Frequently Asked Questions (FAQs)

When Should I Receive the HUD-1 Settlement Statement?

The law requires your lender to give you the HUD-1 settlement statement no later than the business day before your loan closes—but only if you request it. If you don’t, the first time you see the form might be when you sign your closing documents.

You also have the option to waive your right to see the settlement statement at closing and can instead have it delivered or mailed to you as soon as possible after the transaction settles. However, this probably isn’t a good idea. Instead, make sure to review what you’re being charged while you still have a chance to ask questions and resolve disputes before your loan closes—and while your lender still has an incentive to keep your business.

Also note that your lender doesn’t have to show you the HUD-1 at or before closing if you don’t attend the settlement—so be sure not to skip it if you want to review all of your closing costs before you pay them .

Where Can I Find My HUD-1 Settlement Statement?

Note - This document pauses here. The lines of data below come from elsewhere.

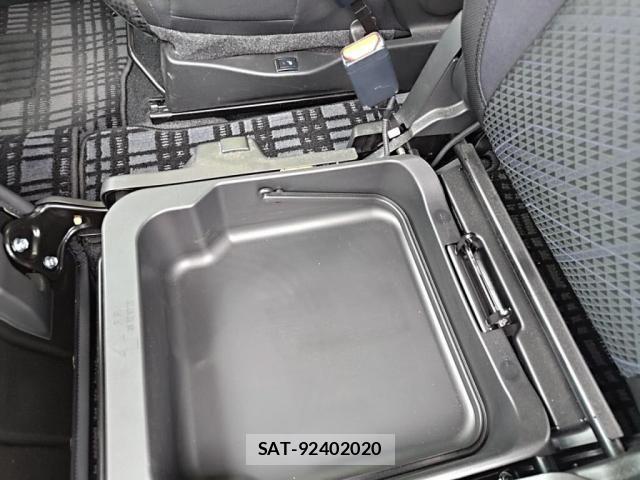 Mitsubishi DELICA 2020-01 7217475-19
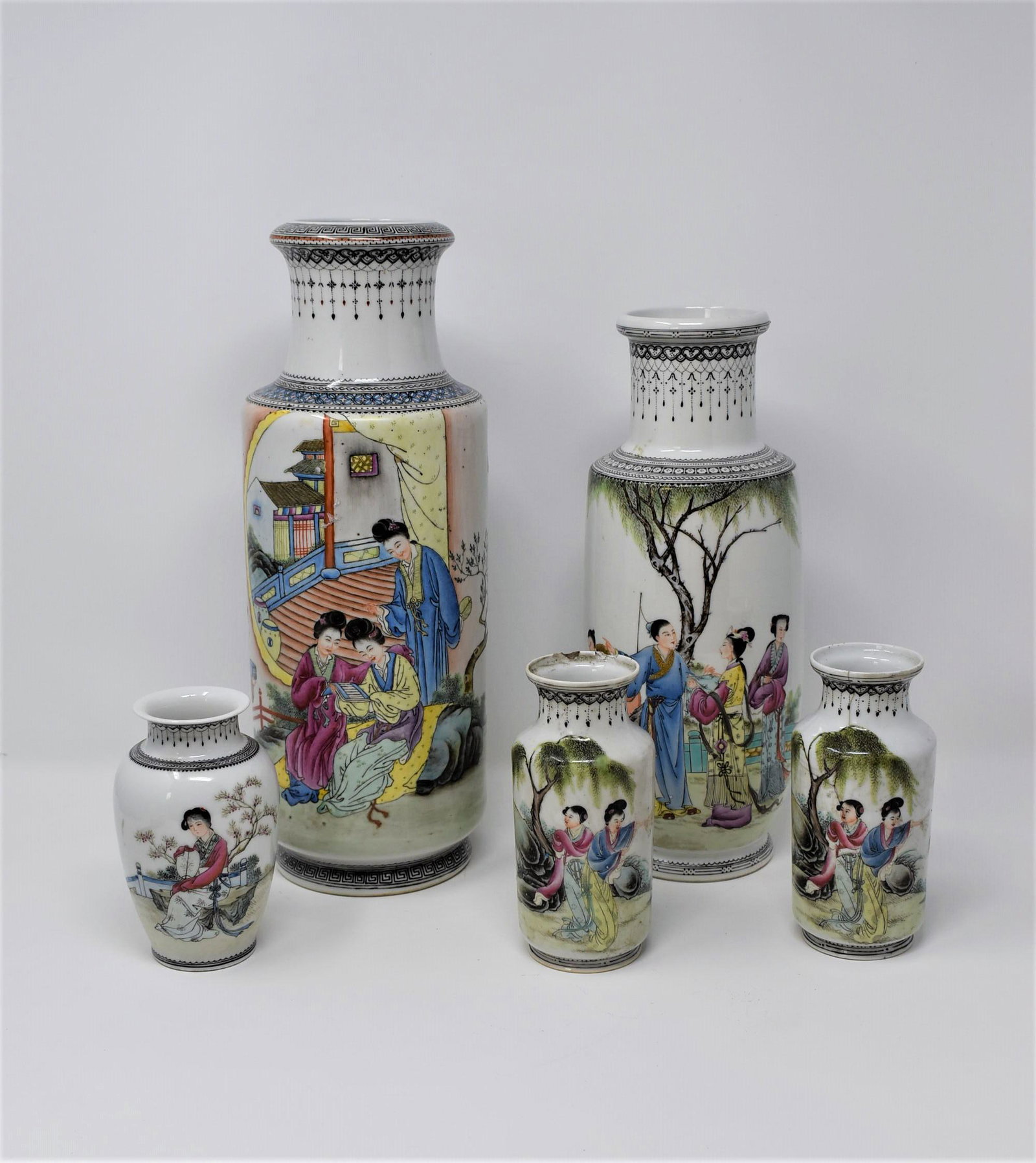 Group of 5 chinese Republic period porcelain vases (1 of 20)
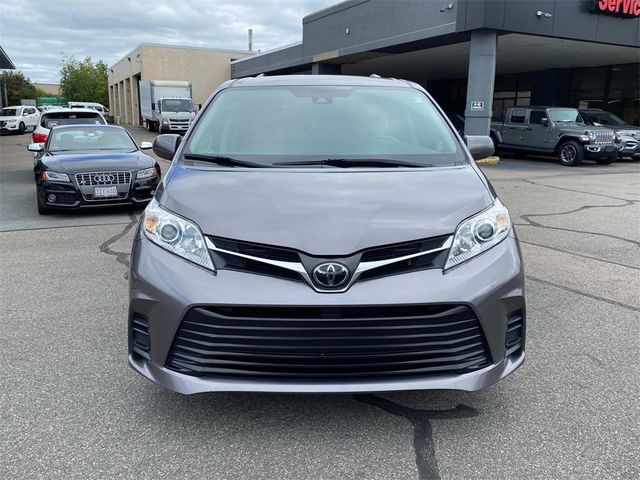 2020 Toyota Sienna LE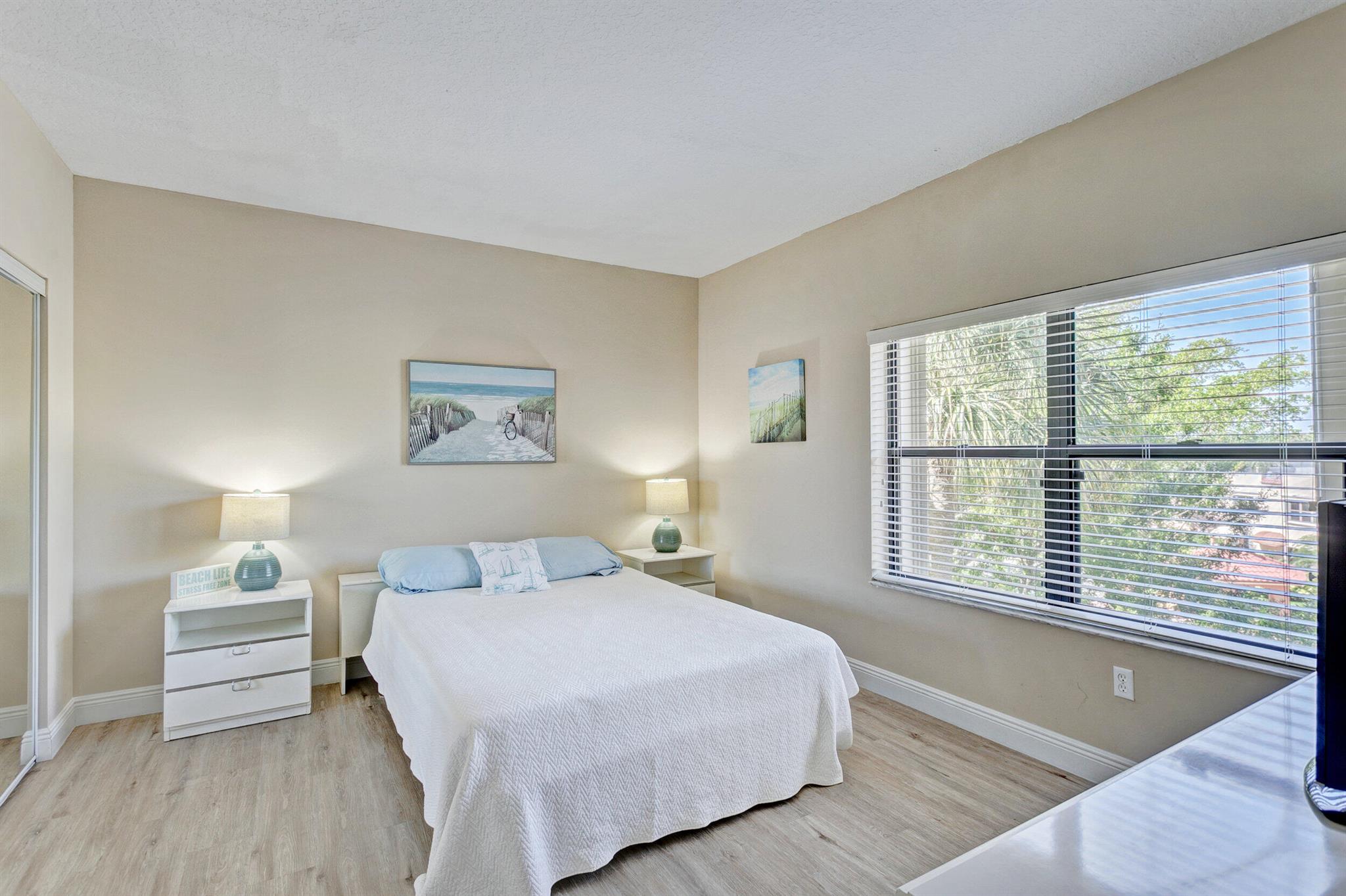 300 Uno Lago Drive 305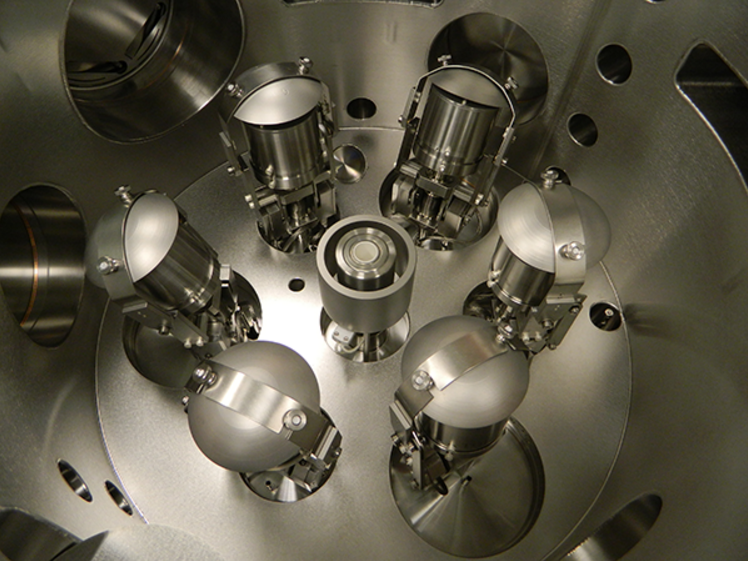 Магнетронное напыление (распыление) в Пензе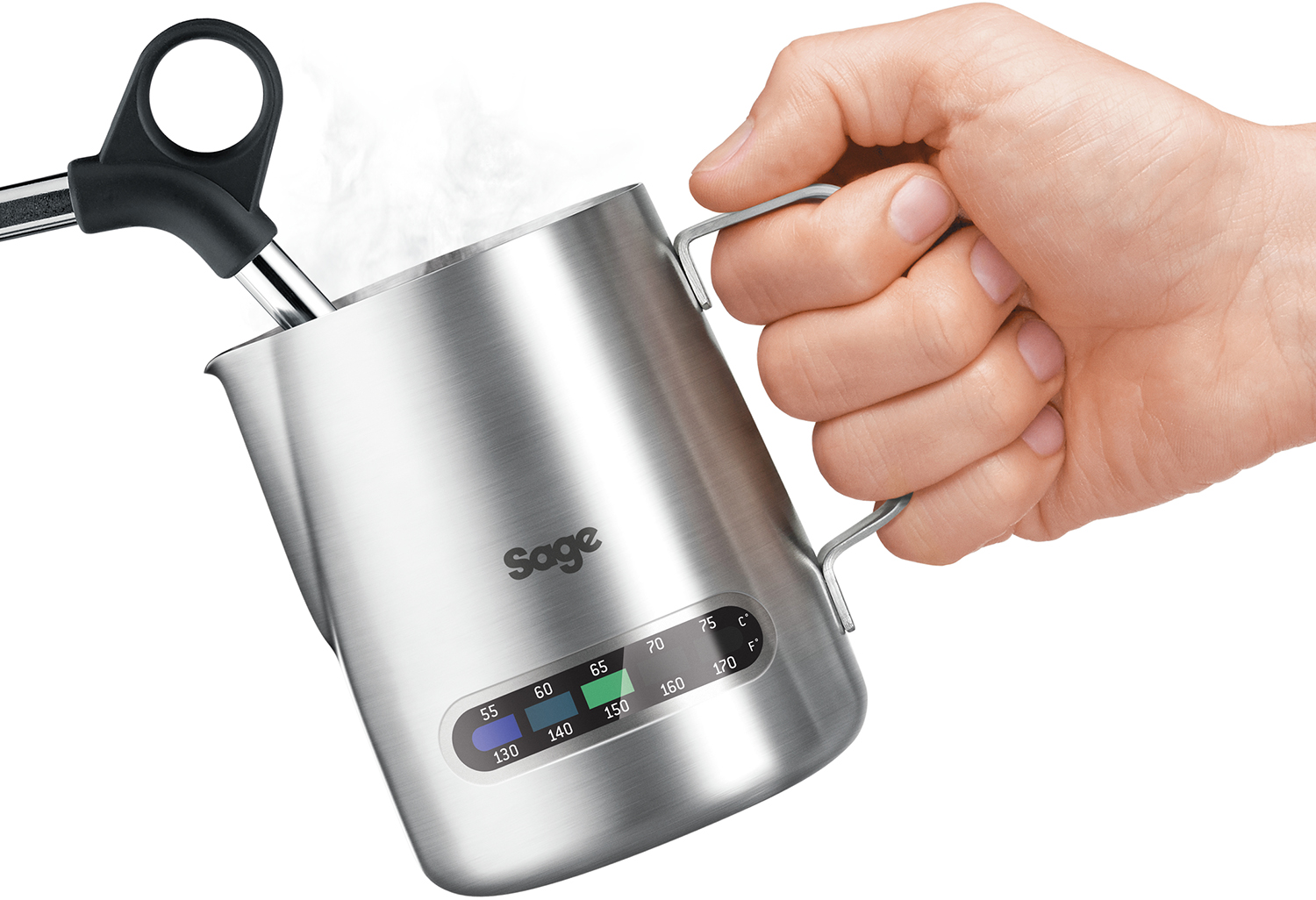 Een hand die een metalen melkopschuimer vasthoudt met een thermometer.
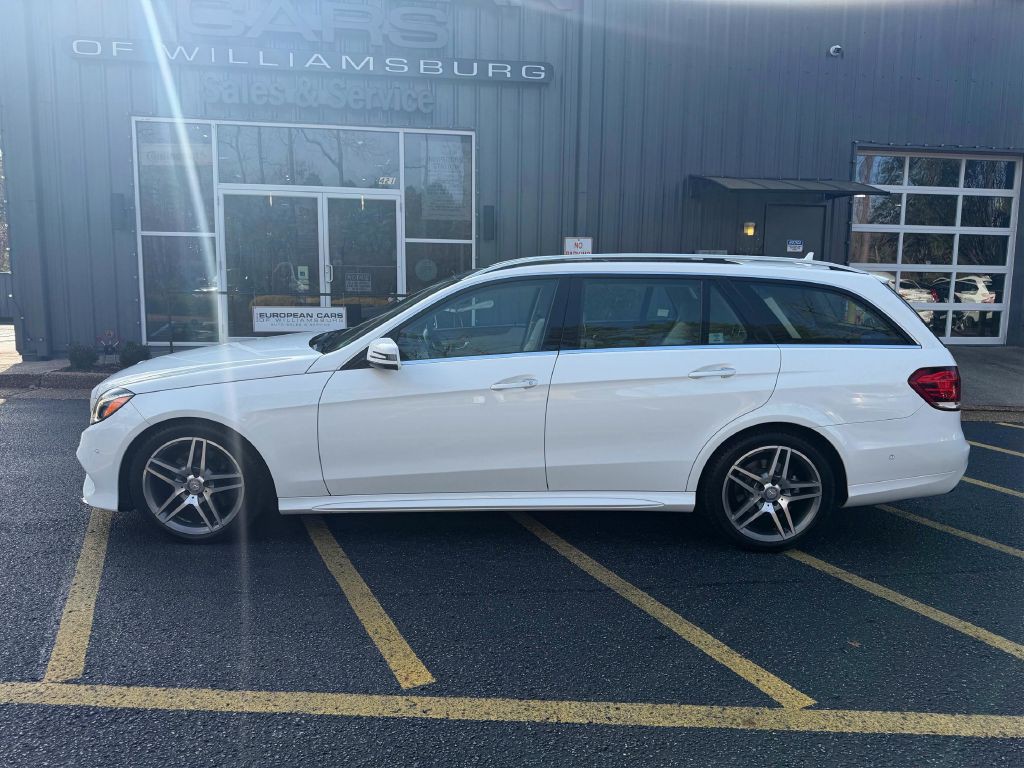 2016 Mercedes-Benz E-Class Image 4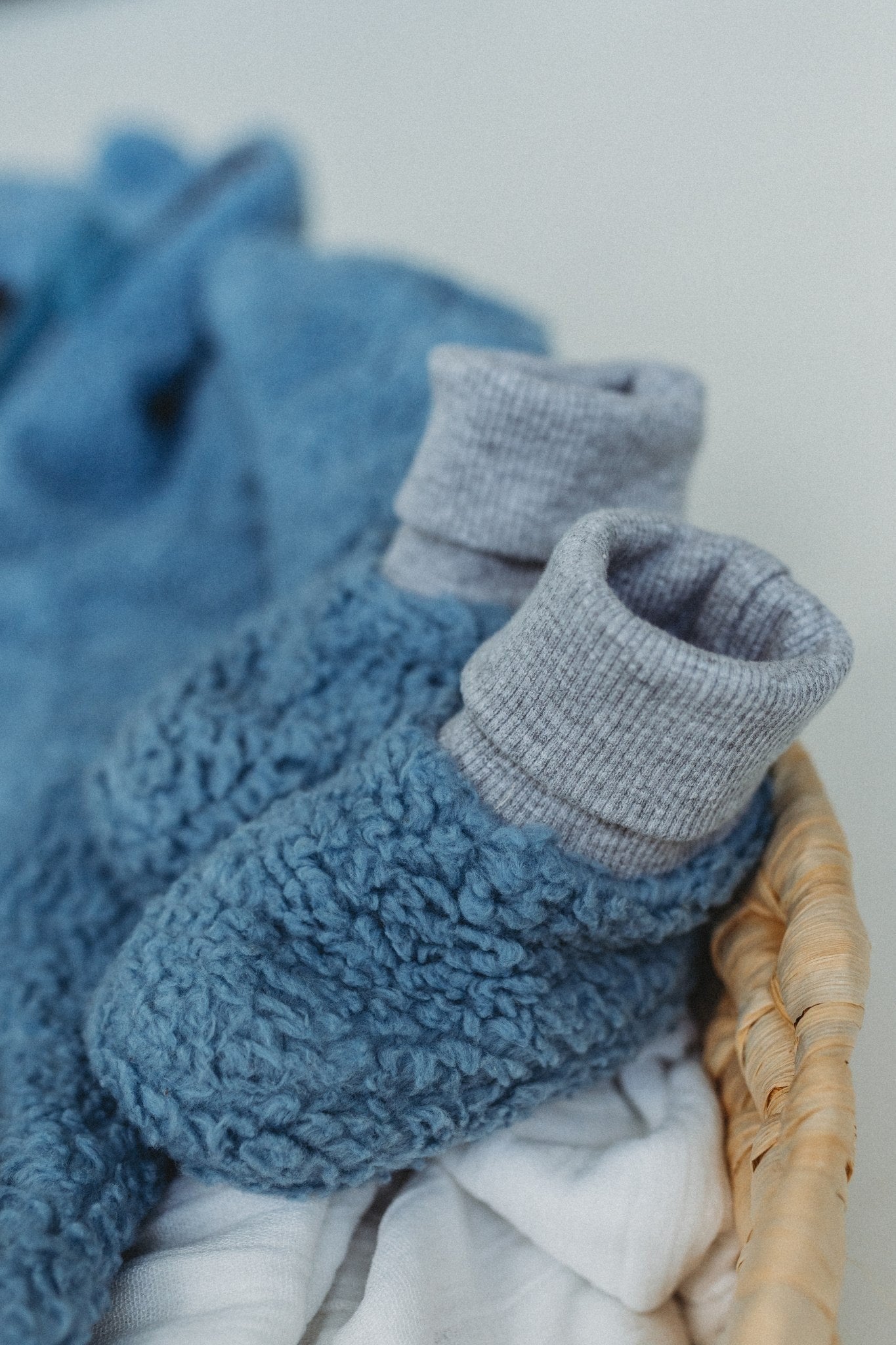 Blå Merino Ull Fodrade Babytofflor / Tossor - Tillverkad i EU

If your loan hasn’t closed yet, you can get your HUD-1 from your lender. If you’ve already closed, you should be able to find your HUD-1 settlement statement with your closing documents.

Is a HUD-1 Settlement Statement the Same as a Closing Statement?

A HUD-1 is a type of closing statement. However, outside of reverse mortgages and mortgages closed on or before Oct. 3, 2015, most real estate transactions now use a closing form called the closing disclosure that you’ll receive instead.